Did the Germans Do It All? The Italian Shoah in International Historiography (1946-1986)
A foremost expert in contemporary Jewish history and anti-Semitic persecution in modern Italy, Sarfatti was a member of the Commission of Inquiry into the Confiscation of Jewish Property in Italy 1938-1945 and of the Government Commission of Inquiry into the confiscation of the Library of the Jewish Community of Rome by the Nazis in 1943. Michele Sarfatti serves on the Board of Directors of the Foundation for the Shoah Memorial in Milan and on the Scientific Committee of the National Museum of Italian Judaism and the Shoah in Ferrara.
He is the author of Gli ebrei nell’Italia fascista. Vicende, identità, persecuzione, 2° ed., Torino 2007 (engl. transl.

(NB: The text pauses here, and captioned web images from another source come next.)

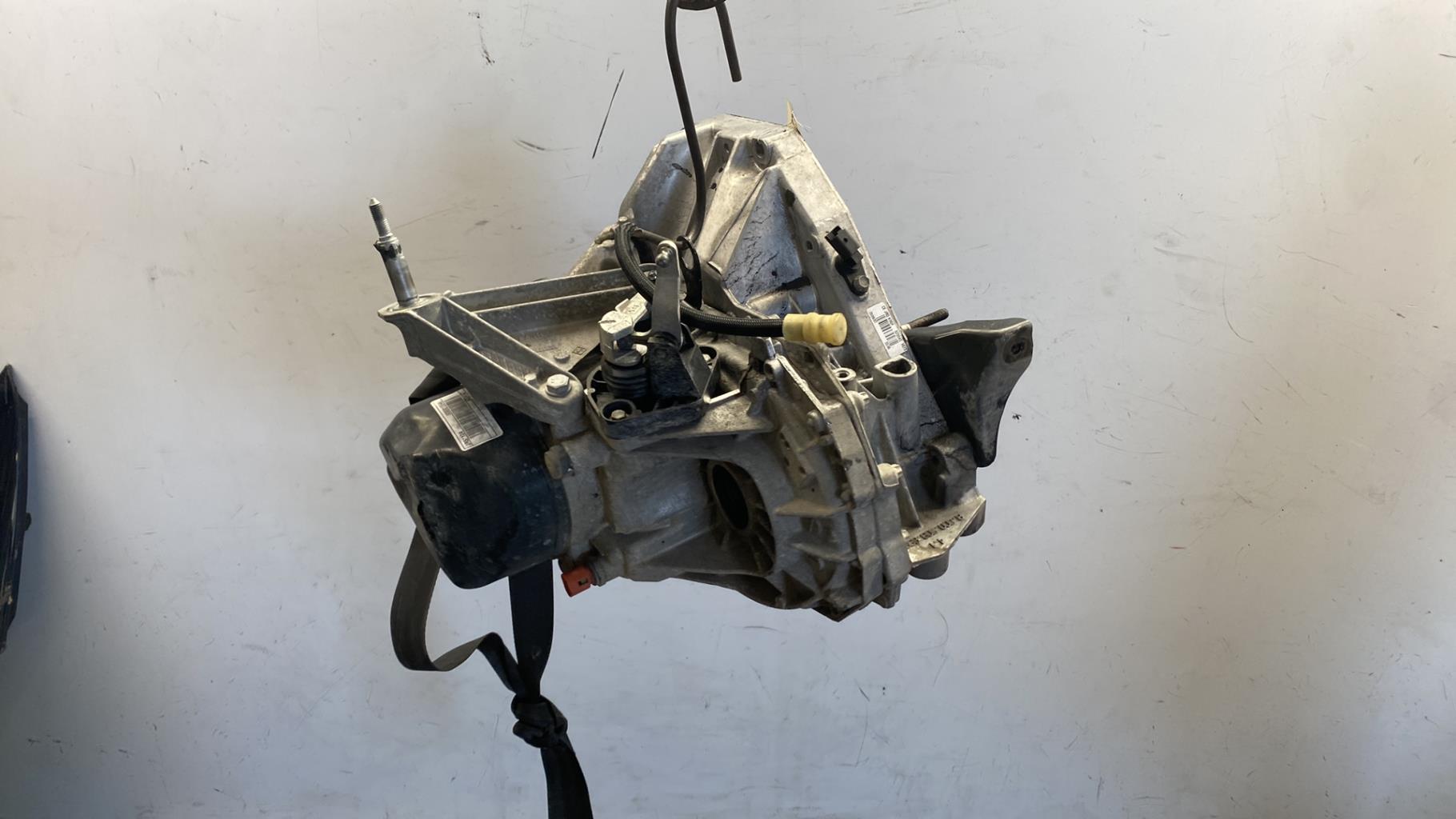 Boite de vitesses RENAULT MODUS  - 1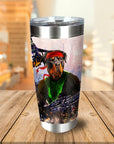 Vaso personalizado 'Rambo Doggo'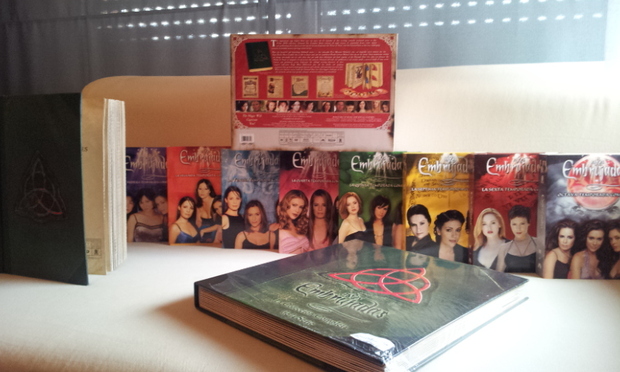 Mi colección de "EMBRUJADAS"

The Jews in Mussolini’s Italy: from Equality to Persecution, transl. by J. and A. C. Tedeschi, Madison 2006; germ. transl. Die Juden im faschistischen Italien. Geschichte, Identität, Verfolgung, transl. by Th. Vormbaum, L. Melissari, Berlin, 2014). He wrote several other works on Jews and antisemitic persecution in Modern Italy..
This essay examines how the main historical writings in languages other than Italian (mostly English) published in the first forty years after the end of the war addressed the role played in the arrests and the deportations of the Jews in Italy by Mussolini’s Italian Social Republic (Repubblica Sociale Italiana) between the autumn of 1943 and the spring of 1945. It discusses what reconstruction of this single, salient aspect in the Italian chapter of the Shoah has been advanced or accepted by foreign historians.

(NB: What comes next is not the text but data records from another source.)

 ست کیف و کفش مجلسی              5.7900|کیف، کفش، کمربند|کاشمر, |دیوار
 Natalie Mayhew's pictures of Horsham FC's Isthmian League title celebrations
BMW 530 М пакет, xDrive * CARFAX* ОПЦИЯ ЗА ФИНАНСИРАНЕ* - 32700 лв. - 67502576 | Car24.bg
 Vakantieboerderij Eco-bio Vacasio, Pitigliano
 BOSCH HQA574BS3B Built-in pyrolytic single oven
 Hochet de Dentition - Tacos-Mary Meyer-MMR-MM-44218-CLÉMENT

To this end, I have selected the (few) existing texts on Italy and the works offering a reconstruction of the Shoah in its entirety, adding the most significant essays published in periodicals or collective volumes and a few of the many books devoted to specific aspects of that event.
As I see it, a complex contagion has taken place between the historical reconstruction of the “final solution,” the ethical judgement on it, the containment policies towards post-war Germany, the quest by the successor states of the non-German collaborationist countries to pursue their own “moral absolution.”